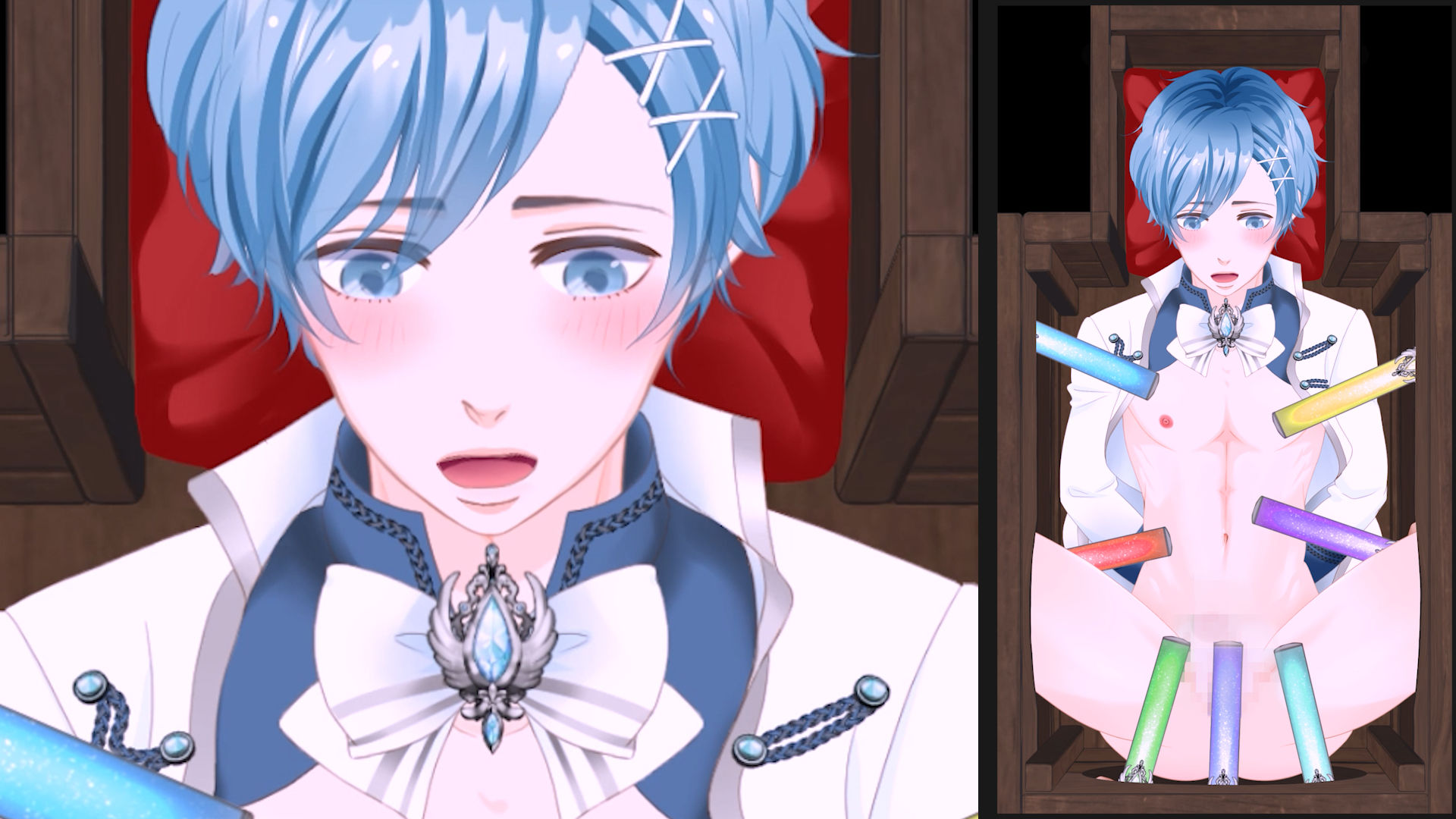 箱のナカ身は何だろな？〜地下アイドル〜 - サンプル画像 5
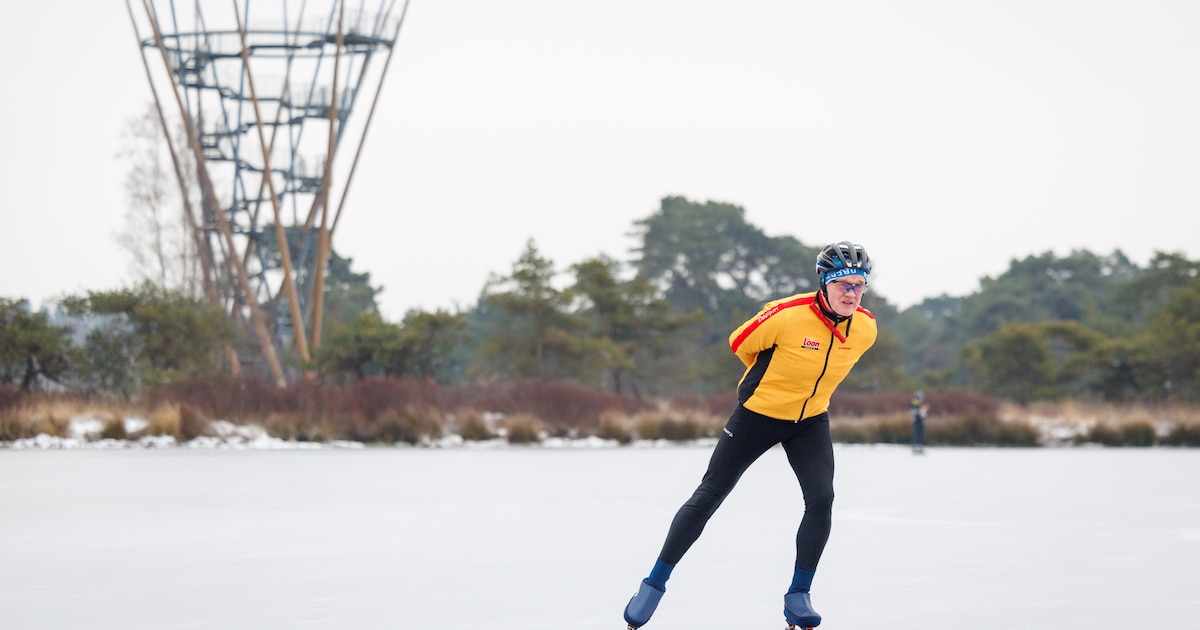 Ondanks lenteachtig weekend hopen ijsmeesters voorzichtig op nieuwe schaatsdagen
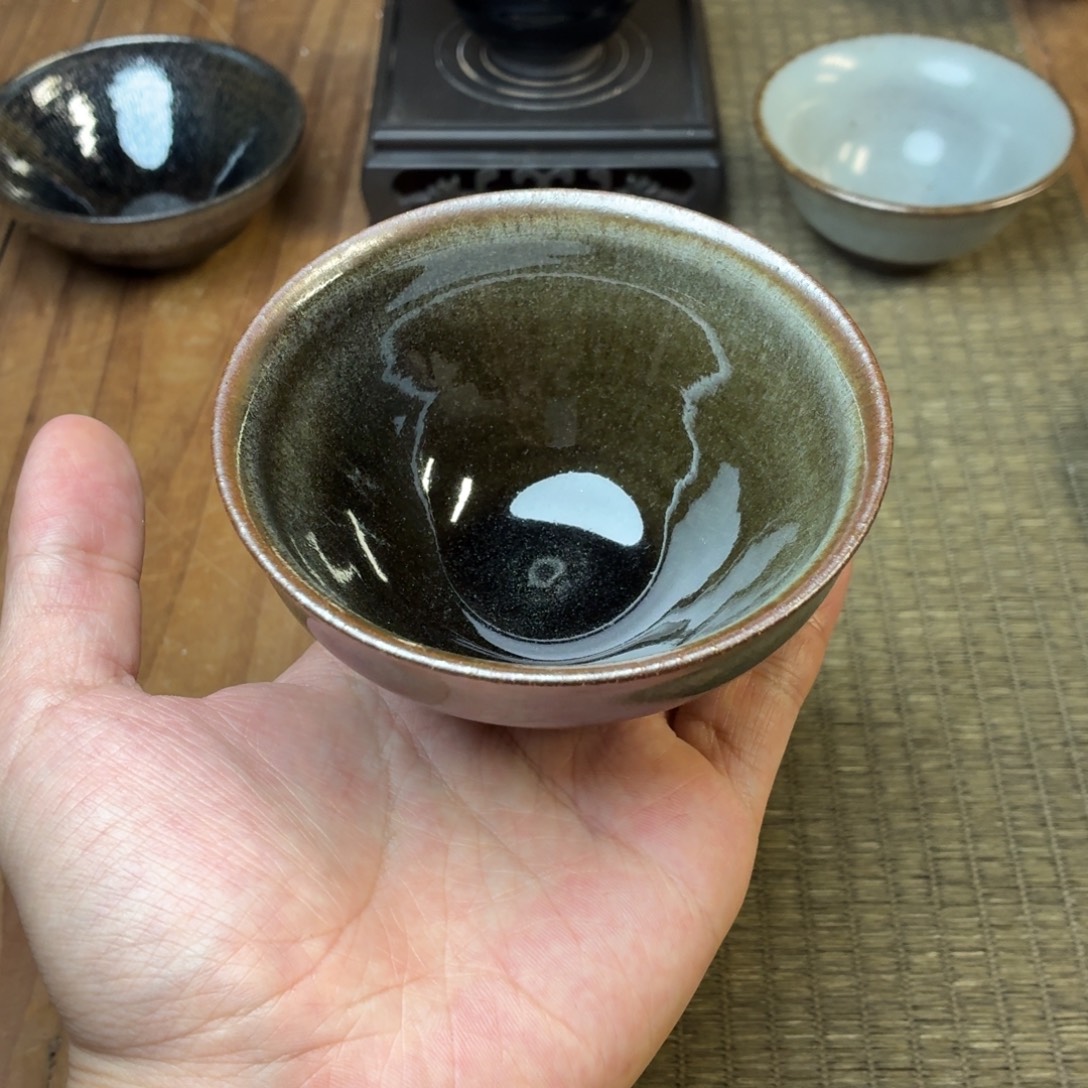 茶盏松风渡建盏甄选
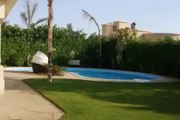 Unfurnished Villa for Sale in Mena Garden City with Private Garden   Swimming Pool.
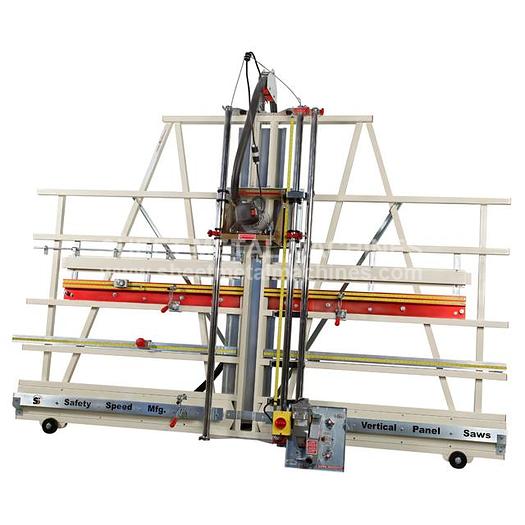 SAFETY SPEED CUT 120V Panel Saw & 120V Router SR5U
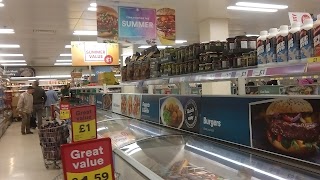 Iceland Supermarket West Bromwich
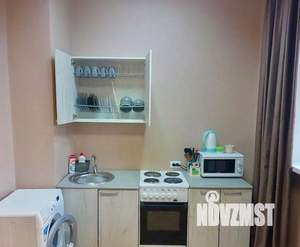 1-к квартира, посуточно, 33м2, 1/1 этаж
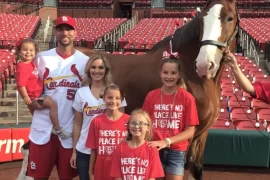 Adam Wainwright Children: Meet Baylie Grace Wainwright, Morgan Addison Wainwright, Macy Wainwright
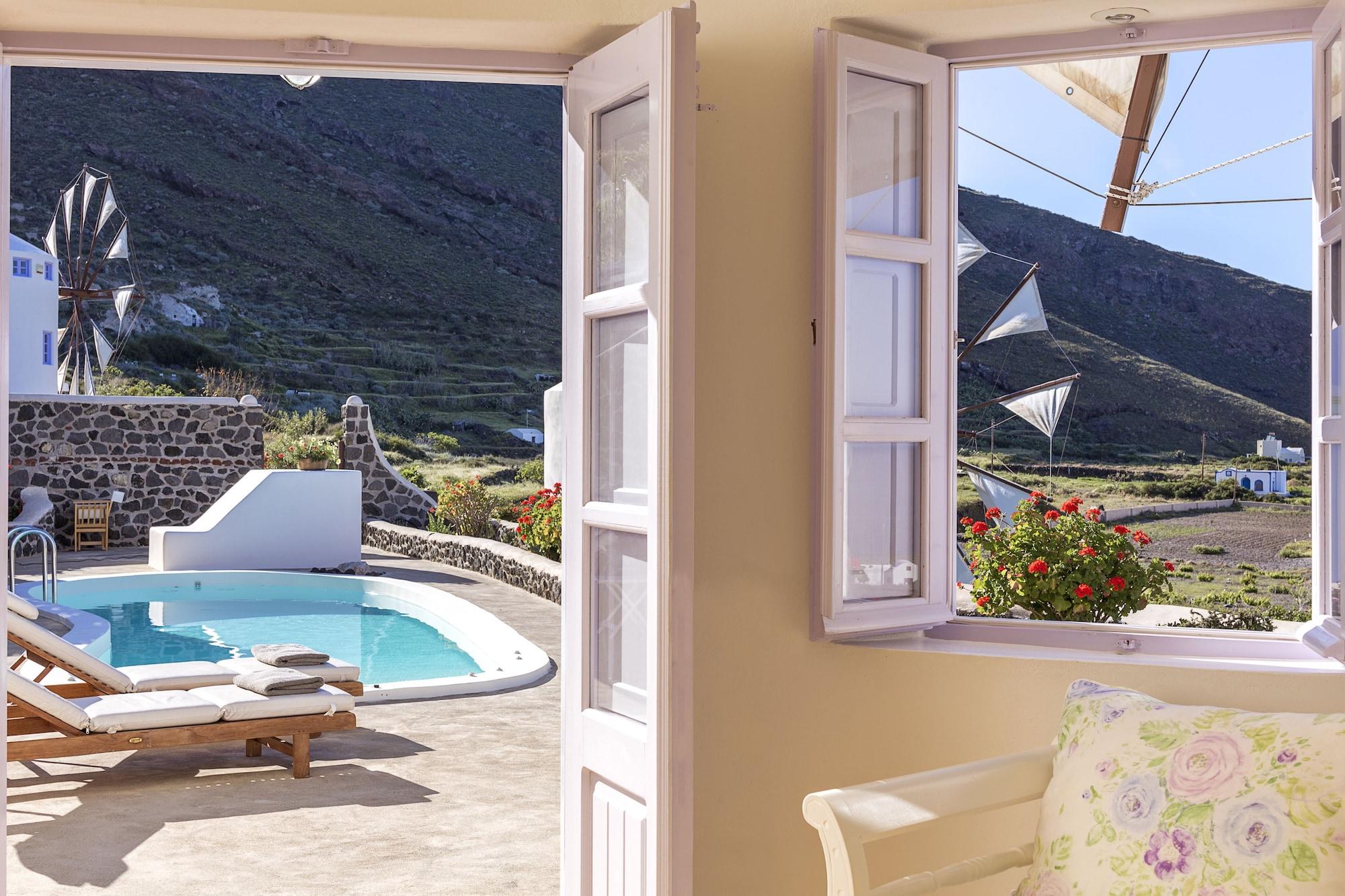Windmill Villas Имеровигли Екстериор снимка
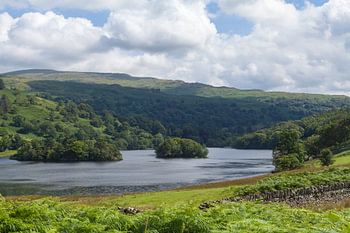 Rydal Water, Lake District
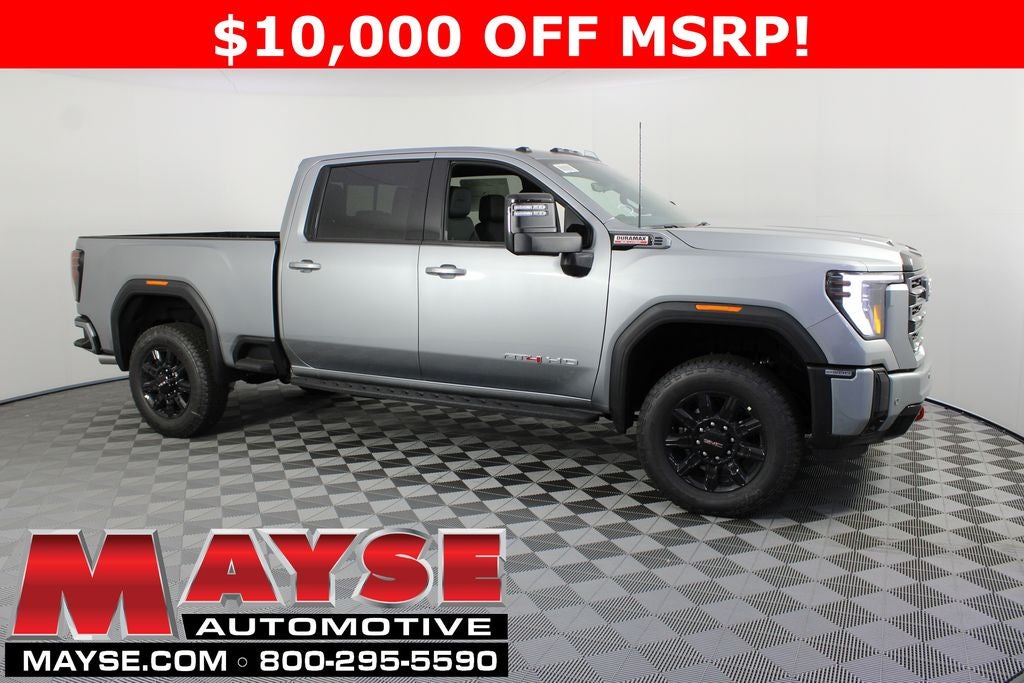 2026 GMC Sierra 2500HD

□ □ □ □ □ □ □

● **What to work on**: Reproduce, word for word, the lines from the one containing "Iceland Supermarket West Bromwich" through the final line above. Leave every picture out.

● **Solution for this task**:
 Iceland Supermarket West Bromwich
 1-к квартира, посуточно, 33м2, 1/1 этаж
 Adam Wainwright Children: Meet Baylie Grace Wainwright, Morgan Addison Wainwright, Macy Wainwright
Windmill Villas Имеровигли Екстериор снимка
 Rydal Water, Lake District
 2026 GMC Sierra 2500HD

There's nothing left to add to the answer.